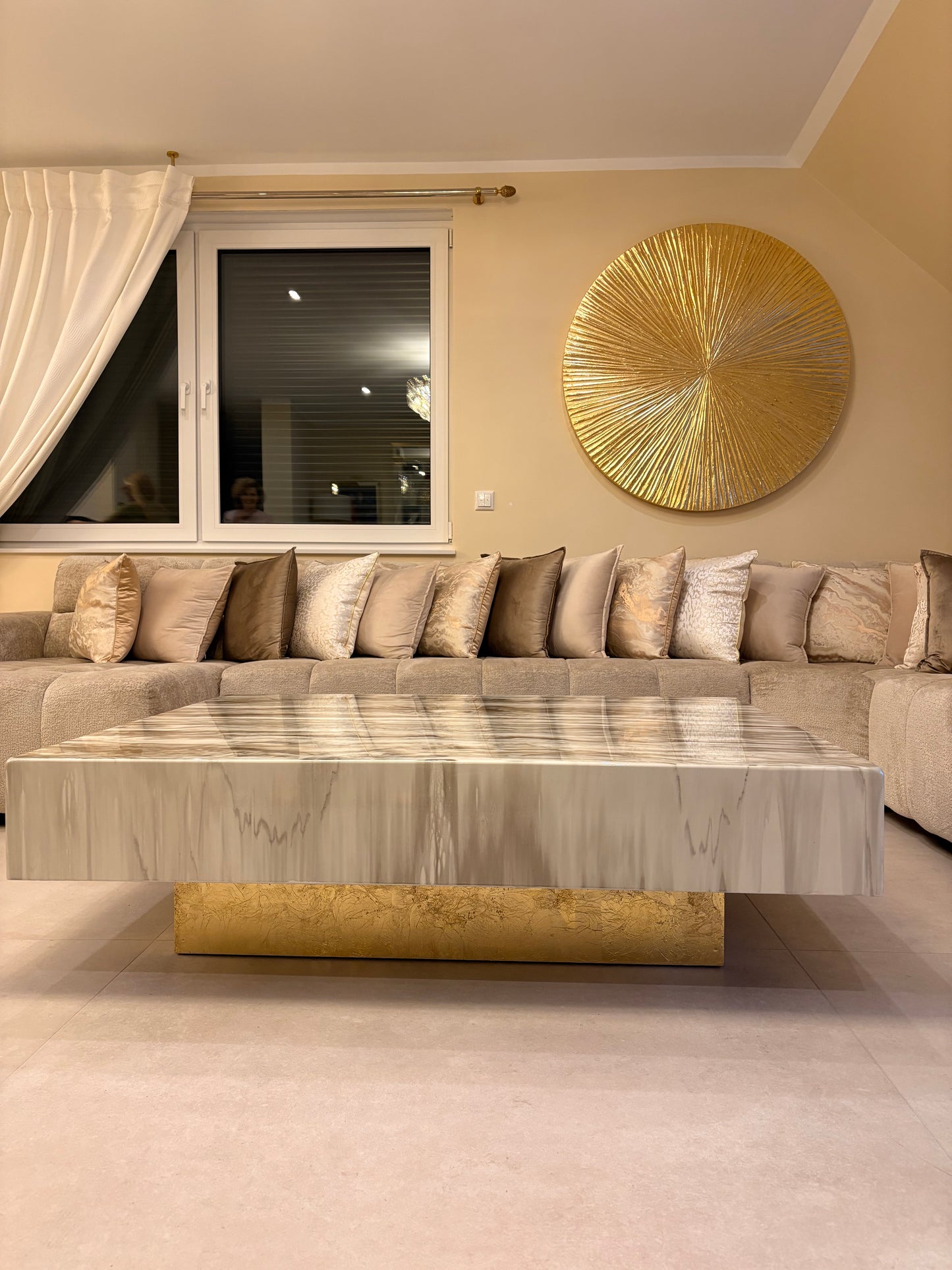 Custom Gold Cloudy Luxury Resin Coffee Table – 140x110xH40cm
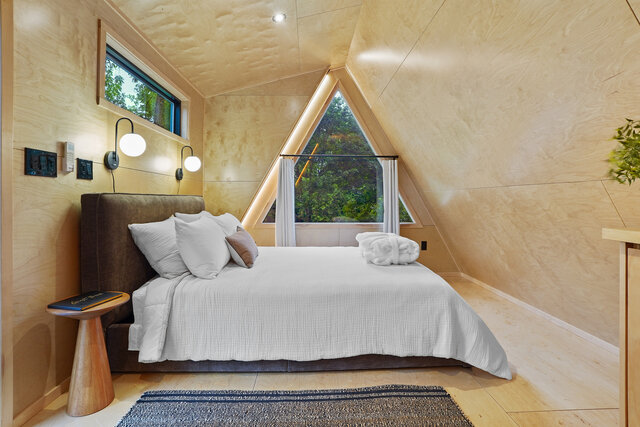 Image 1 for 30 One Bedroom Cozy Pod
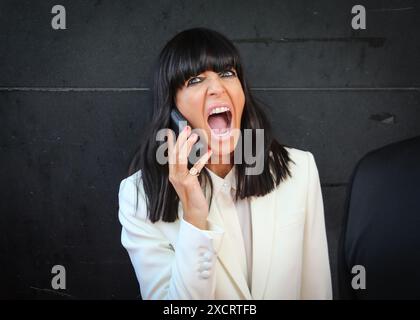 London, UK, 12. Mai 2024. Claudia Winkleman kommt bei den BAFTA Television Awards 2024, Royal Festival Hall, London, UK Stockfoto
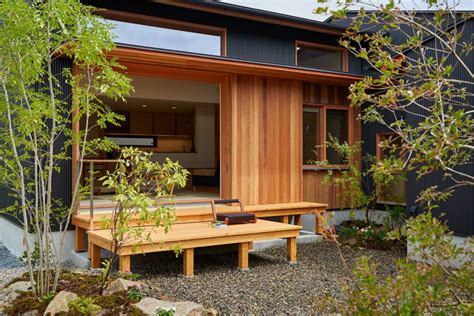 บ้านไม้ชั้นเดียว สวนรอบบ้านงานไม้สไตล์ญี่ปุ่น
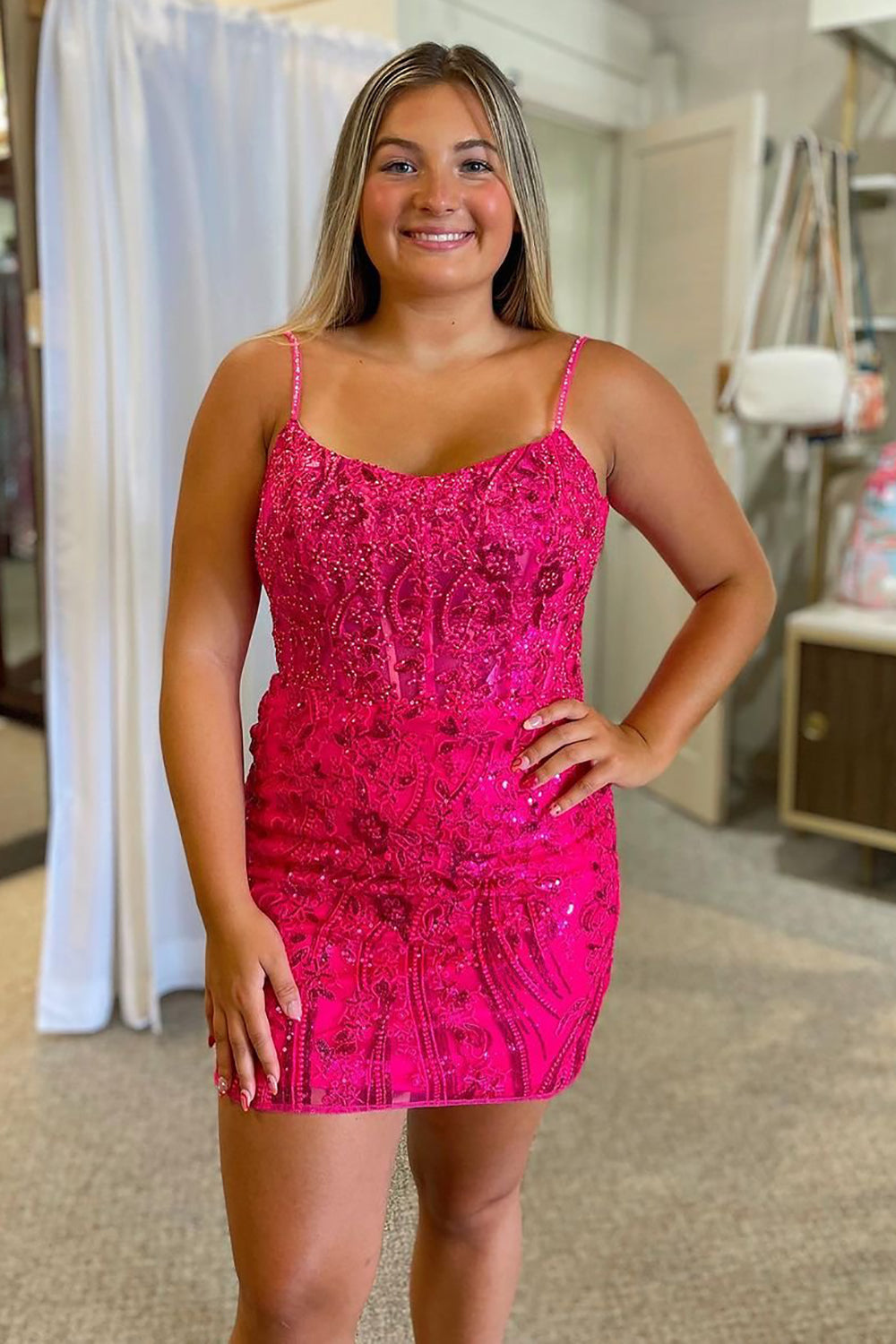 Elegante vestido de fiesta de corte tubo, tirantes finos, corsé rosa fucsia con apliques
■ ■ ■ ■
*Work to complete*. Write out every line of the listing exactly as written, and leave the pictures out.

*Exercise response*.
 Custom Gold Cloudy Luxury Resin Coffee Table – 140x110xH40cm
 Image 1 for 30 One Bedroom Cozy Pod
 London, UK, 12. Mai 2024. Claudia Winkleman kommt bei den BAFTA Television Awards 2024, Royal Festival Hall, London, UK Stockfoto
 บ้านไม้ชั้นเดียว สวนรอบบ้านงานไม้สไตล์ญี่ปุ่น
 Elegante vestido de fiesta de corte tubo, tirantes finos, corsé rosa fucsia con apliques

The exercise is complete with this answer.